Sunil Gavaskar: Batters will have to find a new way to breach the red lights once again


There is something about speed, isn’t there? Speed thrills but also sometimes kills. Last year, the Sunrisers Hyderabad, with their openers Travis Head and Abhishek Sharma, set up a new template for how to bat in the Powerplay as well as beyond. They batted at breakneck speed, taking the opposition completely by surprise, and as a result, their team came very close to crossing the 300-run mark in the IPL. Their batting was like youngsters in their fancy sports cars going through traffic red lights and not being caught.

This year, in the first match, SRH went through the red light without being caught. But just as the traffic police get smarter and capture those offending cars, so too have the bowlers of IPL teams started to put the brakes on not just SRH but also other teams trying to emulate them. SRH have now, at the time of writing, lost four consecutive matches, where the top three have not made much of a contribution. Bowling slower deliveries and mixing them with the odd one into the ribcage of the batters has resulted in them holing out to the fielder at deep square-leg and being dismissed in the Powerplay itself. The batters will certainly have to find a new way to try and breach the red lights once again.

That said, the 200 mark is being reached quite regularly — thanks mainly to batters going into fifth gear in the last quarter of the innings. As the summer gets hotter and pitches get drier, the spinners will come more into play, and we may not see 200-plus scores as frequently as we have in the first couple of weeks. The first couple of weeks have also shown that there is a big difference between smashing sixes and fours in the State premier league, where the attack is short of national or international class and the boundaries even shorter.
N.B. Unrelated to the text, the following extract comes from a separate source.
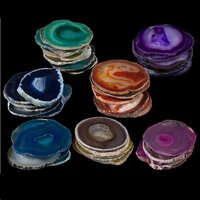 Agate Multi Color Coaster - Feature: Easy To Clean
In the IPL, with stronger attacks, sharper bowlers, and the use of technology to discern the strengths and weaknesses of the batters, most of the big hitters from the State premier league have hardly troubled the scorers. Likewise, some of the fast bowlers who were bought for crores are proving even more expensive on the field.

In the IPL auction, there is generally a trend to look at one or two international fast bowlers and believe that Indian bowlers who come off a slightly long run-up will be able to do the same. However, these are uncapped players, short on experience, and thus found wanting under the intense pressure of the IPL. Apart from fast bowlers, leg-spinners — both right and left-handed — are the flavour of the IPL, though again, most of them end up not being worth the sums spent on them.

The spate of injuries to India’s budding fast bowlers is a real cause for concern. When you look at the names of those at the NCA in Bengaluru, you get a sense of the hazards of trying to bowl fast. There is a certain commonality to the injuries, which begs the question of whether the gym training they do is suitable for Indian bodies. The one and only Kapil Dev hardly ever went to the gym, yet he bowled hundreds of deliveries in the nets and ran several laps of the ground after net sessions. Apart from a hamstring injury that ended his long career, he had no other injuries despite bowling heaps of overs every day on lifeless surfaces in India. The body science experts at the IPL, who do not want bowlers to bowl more than 20 deliveries in the nets, would have been horrified if they had seen Kapil bowl hundreds of deliveries. The proof of the pudding is in the eating, as the old saying goes, and when you compare the career of Kapil with those of India’s current fast bowlers — who bowl only 20-odd deliveries in the nets — it tells you that body science is an individual matter and that every player needs to be treated according to their own strength and endurance.

The recent news that the ECB is going to retire the Pataudi Trophy, given to the winners of the Test series between England and India in England, is disturbing indeed. This is the first time one has heard of a trophy named after individual players being retired, though the decision is entirely the ECB’s, and the BCCI may well have been informed. It shows a total lack of sensitivity to the contribution made by the Pataudis to cricket in both England and India. There may well be a new trophy named after more recent players, and here’s hoping that if an Indian player has been approached, he will have the good sense to politely decline — not only out of respect for two former India captains but also to avoid the same fate of having a trophy named after him retired after he is gone. The ECB is fully entitled to name the trophy after one of their own players, but I, along with loads of Indian cricket supporters, fervently hope that any other Indian cricketer will have the smarts to decline, lest history repeats itself as it has with the Pataudi Trophy.